Köln: Der Dativ ist dem Genitiv seine Tochter ihr’n Tod…
Oh Schmerz! Oder: Der Journalismus steigt noch schneller ab als die Gesellschaft.
Ein Leser hat mich gerade – Kontext: Männererweichung – auf diesen Artikel im Express hingewiesen: Passanten schauten zu Tochter von Bläck Fööss-Gitarrist brutal verprügelt
Eigentlich wollte mir der Leser damit sagen, dass inzwischen niemand mehr hilft, wenn ein kleines Mädchen verprügelt wird und um Hilfe schreit.
Für mich stellte sich angesichts der Überschrift eher die Frage: Seit wann verprügeln die Bläck Fööss eigentlich kleine Mädchen? Sollte man die jetzt boykottieren? Oder gar feministisch korrekt girlkottieren?
Doch nein. Eigentlich wollte der Express damit das Gegenteil sagen, nämlich „Tochter des Bläck Fööss-Gitarristen brutal verprügelt”, aber Genitiv schaffen die heute nicht mehr. Gab doch mal so ein schönes Buch, „Der Dativ ist dem Genitiv sein Tod”.
Und dann stellt sich auch noch raus: Das Mädchen ist 26.
Schwerpunkt Tochter? Eine 26-jährige Frau und der wesentliche Punkt ist: Wer ihr Vater ist?
Wäre es irgendwie weniger oder anders schlimm, wenn ihr Vater der Günther von der Müllabfuhr oder der Ali aus der Türkei wäre?

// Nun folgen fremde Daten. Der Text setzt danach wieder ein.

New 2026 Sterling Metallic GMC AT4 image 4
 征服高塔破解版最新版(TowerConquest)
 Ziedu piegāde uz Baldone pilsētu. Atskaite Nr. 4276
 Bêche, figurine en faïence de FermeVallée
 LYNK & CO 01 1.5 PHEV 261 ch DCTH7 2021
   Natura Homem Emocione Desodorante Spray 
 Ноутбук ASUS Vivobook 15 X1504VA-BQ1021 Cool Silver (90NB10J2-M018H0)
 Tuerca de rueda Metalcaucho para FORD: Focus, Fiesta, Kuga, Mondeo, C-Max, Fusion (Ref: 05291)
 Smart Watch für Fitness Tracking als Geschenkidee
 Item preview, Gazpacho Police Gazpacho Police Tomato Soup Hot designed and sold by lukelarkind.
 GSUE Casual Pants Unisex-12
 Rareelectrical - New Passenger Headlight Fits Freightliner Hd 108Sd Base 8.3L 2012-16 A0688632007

Und was erwarten die da? Dass die Schläger vorher fragen: Hör’ mal, ist dein Vater prominent? Ja? Gut, Du darfst durch, wir verprügeln dann die nächste.
Und was haben sie getan?
Plötzlich baut sich ein Mitglied der Gruppe vor Alica auf – und beschimpft sie sexistisch auf das Übelste.
Das nun wieder kennen wir: Hat er ihr Dirnd’l gelobt? Bekanntlich ist das das Schlimmste, was es gibt.
Danach gab’s Schläge. Sie versucht, sich in eine Kneipe zu retten – und der Wirt schmeißt sie raus. Er will keinen Ärger.
Warum reagiert der Wirt so?
Naja, sie sagen zwar – Pressekodex – nicht, wo die Täter herkamen (in München ringt man sich inzwischen doch durch, zu solchen Fällen die Herkunft zu erwähnen) und auch nicht deren Namen, weil man ja keine fremdenfeindliche Ressentiments schüren will, aber man gibt dem polizeibekannten Täter den Ersatznamen „Yussuf B.”.
»Yussuf« ist prima, denn der Name passt einfach auf alles, was da irgendwo aus Südosten kommt, damit kann man jedes Ressentiment bedienen, passt auf nahezu jedes aktuelle Herkunftsland von Migranten. Ein Hoch auf den Pressekodex.
Heißt aber auch: Wir wissen, warum Wirt und Zuschauer nicht geholfen haben, denn da würde ja sofort die Rassismus-Keule geschwungen. Stellt Euch vor, der Wirt hätte die Tochter, aber nicht Yussuf reingelassen. Geht ja gar nicht, dafür zahlt er Strafe und gilt als Rassist. Hätte er sie aber beide reingelassen, wäre der Kampf weitergegangen, nur eben drinnen. Spieltheoretisch betrachtet haben Wirt und Zuschauer das Einzige getan, was ihnen die Gesellschaft noch übrig gelassen hat (und da fordern sie immer Zivilcourage…).
Und was folgern wir nun daraus?
Viele fordern Deutschkurse für Flüchtlinge.
Ich fordere Deutschkurse für Journalisten.